Join our panel of literature experts, who will introduce and lead this discussion on Out of Sri Lanka, the first ever anthology of Sri Lankan and diasporic poetry, which features over 300 poems written in English, or translated from Tamil and Sinhala.
Hear excerpts read by some of the poets, and find out how this diverse collection brings to light a long-neglected national literature and reshapes our understanding of migrational poetics and the poetics of atrocity.
From explorations of critical events such as the 2004 tsunami and its aftermath to poems about love, art and nature - Out of Sri Lanka permits a rediscovery of a literature of place; reimagines the literature of place beyond the national; and rebuilds via the forceful hope of imagination, whatever shocks may continue to occur in this geo-politically intriguing location.
This event is facilitated by Anthony Vahni Capildeo FRSL, Writer in Residence at the University of York.
This event will take place live on Zoom Webinar. You will receive a link to join a couple of days before the event and a reminder an hour before. During the event, you can ask questions via a Q&A function, but audience cameras and microphones will remain muted throughout.
About the speakers
Shash Trevett is a poet and a translator of Tamil poetry into English. Her poetry has appeared in journals and anthologies (including POETRY, Poetry London, Modern Poetry in Translation and The North), she has read widely across the UK and is a winner of a Northern Writers’ Award. Her pamphlet From a Borrowed Land was published in May 2021 (Smith|Doorstop) and she is currently working on her first collection, which will also be published by Smith|Doorstop. She has co-edited (with Vidyan Ravinthiran and Seni Seneviratne) Out of Sri Lanka: Tamil, Sinhala and English Poetry from Sri Lanka and its Diasporas (Bloodaxe 2023). Shash has been on judging panels for the PEN Translates awards and the London Book Fair, and was a Visible Communities Translator in Residence at the National Centre for Writing. Shash is a Ledbury Critic, reviewing for PN Review and the Poetry Book Society, and is a Board Member of Modern Poetry in Translation.
Vidyan Ravinthiran was born in Leeds, to Sri Lankan Tamils.

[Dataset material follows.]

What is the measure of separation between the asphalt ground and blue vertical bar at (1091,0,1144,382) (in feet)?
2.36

His first book of poems, Grun-tu-molani (2014), was shortlisted for the Forward Prize for Best First Collection, the Seamus Heaney Centre Poetry Prize and the Michael Murphy Memorial Prize. His second, The Million-petalled Flower of Being Here (2019) won a Northern Writers’ Award and a Poetry Book Society Recommendation. It was shortlisted for the 2019 Forward Prize for Best Collection, the 2019 T.S. Eliot Prize and the 2021 Ledbury Munthe Poetry Prize for Second Collections. After teaching at the universities of Cambridge, Durham and Birmingham in the UK, he is now Associate Professor in English at Harvard University. He is the author of Elizabeth Bishop’s Prosaic (2015), winner of both the University English Prize and the Warren-Brooks Award for Outstanding Literary Criticism.

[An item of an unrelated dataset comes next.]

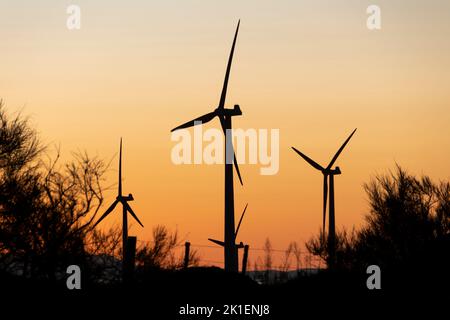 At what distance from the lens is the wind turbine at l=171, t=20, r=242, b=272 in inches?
2287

Neil Astley is editor of Bloodaxe Books, which he founded in 1978. His books include novels, poetry collections and anthologies, most notably those in Bloodaxe’s Staying Alive anthology series: Staying Alive (2002), Being Alive (2004), Being Human (2011), and Staying Human (2020), a Poetry Book Society Special Commendation. He received an Eric Gregory Award for his poetry, was given a D.Litt from Newcastle University for his work with Bloodaxe Books, and, in 2018, was made an Honorary Fellow of the Royal Society of Literature. He lives in Northumberland.